[[ Entries shown, beginning ]]

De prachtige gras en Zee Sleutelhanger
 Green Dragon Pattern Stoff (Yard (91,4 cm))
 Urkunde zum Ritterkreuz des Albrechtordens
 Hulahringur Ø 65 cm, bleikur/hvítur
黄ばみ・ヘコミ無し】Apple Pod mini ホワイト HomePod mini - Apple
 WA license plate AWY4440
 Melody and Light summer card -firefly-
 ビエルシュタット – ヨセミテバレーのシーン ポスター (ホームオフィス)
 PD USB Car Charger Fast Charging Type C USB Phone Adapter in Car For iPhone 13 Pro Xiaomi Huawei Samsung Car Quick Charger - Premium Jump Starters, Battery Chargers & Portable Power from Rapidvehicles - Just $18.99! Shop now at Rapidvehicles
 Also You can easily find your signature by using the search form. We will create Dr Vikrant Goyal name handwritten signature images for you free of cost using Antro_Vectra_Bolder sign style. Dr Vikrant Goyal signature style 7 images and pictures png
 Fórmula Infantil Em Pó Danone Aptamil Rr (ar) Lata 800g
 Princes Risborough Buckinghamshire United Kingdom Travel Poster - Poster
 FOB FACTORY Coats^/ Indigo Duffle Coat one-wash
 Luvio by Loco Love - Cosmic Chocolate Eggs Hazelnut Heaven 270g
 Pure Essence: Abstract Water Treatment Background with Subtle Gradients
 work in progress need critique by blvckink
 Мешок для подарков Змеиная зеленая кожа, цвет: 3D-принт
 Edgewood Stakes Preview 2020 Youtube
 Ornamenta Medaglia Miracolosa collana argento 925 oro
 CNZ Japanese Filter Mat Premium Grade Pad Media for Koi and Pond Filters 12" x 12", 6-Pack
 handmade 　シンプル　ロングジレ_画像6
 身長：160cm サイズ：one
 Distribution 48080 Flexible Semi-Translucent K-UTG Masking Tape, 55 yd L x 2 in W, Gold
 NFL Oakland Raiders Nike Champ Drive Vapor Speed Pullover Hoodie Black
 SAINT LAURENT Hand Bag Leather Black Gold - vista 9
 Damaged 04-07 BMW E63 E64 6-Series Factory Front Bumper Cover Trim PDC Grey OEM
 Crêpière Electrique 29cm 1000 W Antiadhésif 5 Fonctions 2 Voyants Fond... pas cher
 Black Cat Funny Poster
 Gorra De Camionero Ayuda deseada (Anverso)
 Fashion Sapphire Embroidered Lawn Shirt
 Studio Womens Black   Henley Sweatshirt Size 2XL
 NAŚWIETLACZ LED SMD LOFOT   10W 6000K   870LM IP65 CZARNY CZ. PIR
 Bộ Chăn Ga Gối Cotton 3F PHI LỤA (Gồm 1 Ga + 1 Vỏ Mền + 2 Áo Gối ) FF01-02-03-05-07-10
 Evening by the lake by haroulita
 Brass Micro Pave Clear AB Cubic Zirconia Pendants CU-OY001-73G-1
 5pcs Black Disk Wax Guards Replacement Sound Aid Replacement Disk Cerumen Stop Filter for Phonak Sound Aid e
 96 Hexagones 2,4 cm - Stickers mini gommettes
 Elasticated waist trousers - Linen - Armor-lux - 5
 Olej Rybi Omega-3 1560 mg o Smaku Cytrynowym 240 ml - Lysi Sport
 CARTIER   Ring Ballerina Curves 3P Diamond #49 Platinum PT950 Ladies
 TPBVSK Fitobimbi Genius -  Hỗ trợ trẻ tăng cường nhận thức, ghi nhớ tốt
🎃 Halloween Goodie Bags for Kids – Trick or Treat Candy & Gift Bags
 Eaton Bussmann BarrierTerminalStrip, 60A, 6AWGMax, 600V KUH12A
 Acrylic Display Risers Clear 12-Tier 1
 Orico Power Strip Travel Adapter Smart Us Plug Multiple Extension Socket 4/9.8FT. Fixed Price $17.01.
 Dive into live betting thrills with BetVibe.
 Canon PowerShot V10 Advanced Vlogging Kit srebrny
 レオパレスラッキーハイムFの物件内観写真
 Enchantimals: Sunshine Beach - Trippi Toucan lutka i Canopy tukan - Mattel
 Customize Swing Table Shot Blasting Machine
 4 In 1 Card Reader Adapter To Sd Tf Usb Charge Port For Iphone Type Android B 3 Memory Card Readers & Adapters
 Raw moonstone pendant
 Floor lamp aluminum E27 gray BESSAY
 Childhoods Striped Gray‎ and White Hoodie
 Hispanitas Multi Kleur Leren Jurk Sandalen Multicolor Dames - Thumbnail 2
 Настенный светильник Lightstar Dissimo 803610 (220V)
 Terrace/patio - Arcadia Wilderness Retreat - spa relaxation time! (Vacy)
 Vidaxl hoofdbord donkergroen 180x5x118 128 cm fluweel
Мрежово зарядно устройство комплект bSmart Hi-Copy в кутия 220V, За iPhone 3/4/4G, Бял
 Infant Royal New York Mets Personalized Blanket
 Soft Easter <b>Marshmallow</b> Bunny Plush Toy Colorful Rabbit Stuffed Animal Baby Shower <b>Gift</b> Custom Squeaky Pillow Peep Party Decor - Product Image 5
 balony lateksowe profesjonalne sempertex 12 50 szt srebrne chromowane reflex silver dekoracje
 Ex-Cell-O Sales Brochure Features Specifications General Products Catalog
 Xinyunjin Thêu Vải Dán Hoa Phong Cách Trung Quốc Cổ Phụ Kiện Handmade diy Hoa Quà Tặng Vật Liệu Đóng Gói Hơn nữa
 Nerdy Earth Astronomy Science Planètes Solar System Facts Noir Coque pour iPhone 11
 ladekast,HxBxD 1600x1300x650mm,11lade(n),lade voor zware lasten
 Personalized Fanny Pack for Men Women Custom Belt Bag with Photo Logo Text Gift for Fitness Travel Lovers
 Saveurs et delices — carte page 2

[[ Entries shown, end ]]

Starting at the line above that holds "Настенный светильник Lightstar" and ending at the line that holds "balony lateksowe profesjonalne", transcribe each line exactly and include no other lines.

# [Solution to this problem]
 Настенный светильник Lightstar Dissimo 803610 (220V)
 Terrace/patio - Arcadia Wilderness Retreat - spa relaxation time! (Vacy)
 Vidaxl hoofdbord donkergroen 180x5x118 128 cm fluweel
Мрежово зарядно устройство комплект bSmart Hi-Copy в кутия 220V, За iPhone 3/4/4G, Бял
 Infant Royal New York Mets Personalized Blanket
 Soft Easter <b>Marshmallow</b> Bunny Plush Toy Colorful Rabbit Stuffed Animal Baby Shower <b>Gift</b> Custom Squeaky Pillow Peep Party Decor - Product Image 5
 balony lateksowe profesjonalne sempertex 12 50 szt srebrne chromowane reflex silver dekoracje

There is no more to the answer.